Dialoghi di Estetica. Su Lo scolabottiglie di Duchamp di Migliorini
Chi e cosa decide che cos’è arte? Questa è una delle domande a cui tenta di rispondere il libro del grande filosofo. Ce ne parla Roberto Paolo Malaspina
Un artista che ha trasformato profondamente le arti, i modi di farle e di discuterle: Marcel Duchamp. Ne ha esaminato la poetica il filosofo Ermanno Migliorini, mettendola in relazione ai temi del valore e del discorso critico. La casa editrice Johan & Levi ha ripubblicato il suo libro “Lo scolabottiglie di Duchamp”. Ne abbiamo parlato con Roberto Paolo Malaspina – storico dell’arte, attualmente dottorando in estetica presso l’Università degli Studi di Milano e membro del progetto ERC AN-ICON guidato dal Prof. Andrea Pinotti – nonché autore della prefazione del volume.
Il libro Lo scolabottiglie di Duchamp secondo Roberto Paolo Malaspina
Originariamente Lo scolabottiglie di Duchamp è stato pubblicato nel 1970 per le Edizioni d’arte Il Fiorino di Firenze. Quali sono le principali ragioni che hanno motivato questa nuova edizione con la casa editrice Johan & Levi?
Johan & Levi ha sempre avuto un occhio particolarmente attento ai dibattiti sulle arti contemporanee. La pubblicazione di questo volume ne è un’ulteriore conferma. La figura di Duchamp, uno dei protagonisti del testo, è infatti stata oggetto di una recente riscoperta teorica e storico-artistica. Pensiamo a saggi fondamentali quali The Apparently Marginal Activities of Marcel Duchamp di Elena Filipovic e mostre come l’attualmente in corso Marcel Duchamp and the Lure of the Copy alla Peggy Guggenheim Collection di Venezia. L’attenzione dedicata all’artista, o all’an-artista, come preferiva essere chiamato, ha determinato un’importante rivalutazione delle sue attività teoriche e curatoriali che, ancora oggi, attivano riflessioni ontologiche sull’arte attuali. A differenza di quello che il titolo del volume sembrerebbe suggerire, Duchamp è pero solo uno dei protagonisti della riflessione di Migliorini che si insinua con particolare acume nel suo presente e negli artisti a lui contemporanei. Io credo che un testo come Lo scolabottiglie di Duchamp – ed è quello che ho cercato di sottolineare con la mia prefazione – sia oggi particolarmente rilevante per due motivi. Da una parte esso situa storicamente un pensatore attento che, in sincronia con la riflessione sull’istituzione artistica e critica – si pensi ad autori come Arthur Danto e George Dickie – anche in Italia propone un ragionamento analitico che interroga gli spazi e i protagonisti dell’art world. Dall’altra, il volume riaccende una questione essenziale anche per la nostra contemporaneità: quali sono gli elementi, i processi e gli attori che decidono cosa è arte?
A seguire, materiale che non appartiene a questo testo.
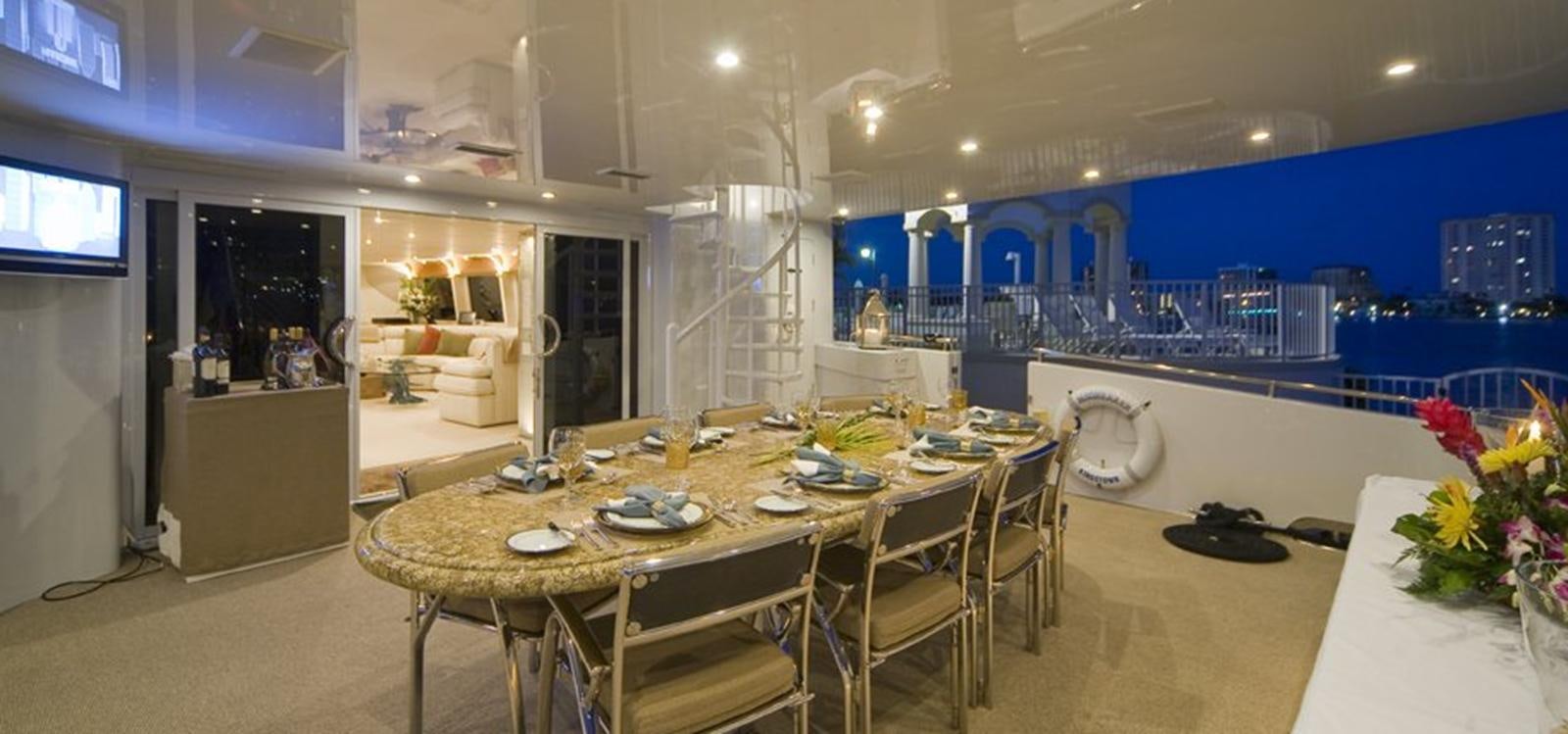 a large room with a table and chairs aboard MOONRAKER Yacht for Sale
Rispetto ad altri libri di Migliorini – si pensi, ad esempio, a Conceptual art, L’arte e la città, Miseria della critica – questo è un volume che offre anche una sintesi significativa del suo lavoro in filosofia dell’arte. Uno dei temi cruciali è infatti quello della valutazione: come viene affrontato dall’autore?
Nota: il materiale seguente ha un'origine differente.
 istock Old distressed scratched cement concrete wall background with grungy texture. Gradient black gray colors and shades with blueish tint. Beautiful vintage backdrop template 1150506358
Il processo valutativo dell’opera d’arte è al centro del volume di Migliorini. I capitoli al cuore del testo sono infatti dedicati a un’ampia analisi dei metodi e delle teorie filosofiche che permettono di decretare l’artisticità di un oggetto o di una pratica. La domanda a cui il volume tenta di rispondere potrebbe essere riassunta in qualcosa come: un oggetto quale lo Scolabottiglie duchampiano o altre forme di ready-made, objet trouvé e pratiche neoavanguardiste, posseggono un valore d’artisticità determinato dalla pura intuizione ed evidente di per sé, o è esso costruito seguendo un più ampio sistema logico-valutativo, consequenziale a un preciso schema di valori? Per rispondere a questa domanda Migliorini utilizza diversi stili e metodologie d’analisi. Data la sua identità di filosofo analitico, il principale strumento teorico è la riflessione assiologica, tra gli altri, di George Edward Moore e del suo Principia Ethica (1903). Moore, interessato alla definizione del concetto di “buono” [good] in senso etico, sostiene che esso è spiegabile solo attraverso l’intuizione, nel senso che, nel tentare di perimetrarlo, il concetto sfugge a uno schema logico e discorsivo che ne comprovi la bontà. Questo percorso concettuale, nella filosofia di Migliorini, viene traslato alla valutazione artistica: ciò che Moore definisce con l’etica, Duchamp lo fa con l’arte. Proponendo un oggetto, lo scolabottiglie, il cui valore d’artisticità è “evidente di per sé”, esclusivamente intuibile e non deducibile da schemi valutativi, la critica tradizionale e le sue valutazioni, non potranno che accettare o meno il valore artistico dell’oggetto, senza proposizioni ulteriori che ne spieghino logicamente la ragione. La riflessione sui processi valutativi è sicuramente molto complessa. Credo tuttavia che proprio questa complessità, determinata dalla radice etico-morale, prima che estetica, del ragionamento, dia al testo un peso specifico molto importante anche per la lettrice e il lettore contemporanei.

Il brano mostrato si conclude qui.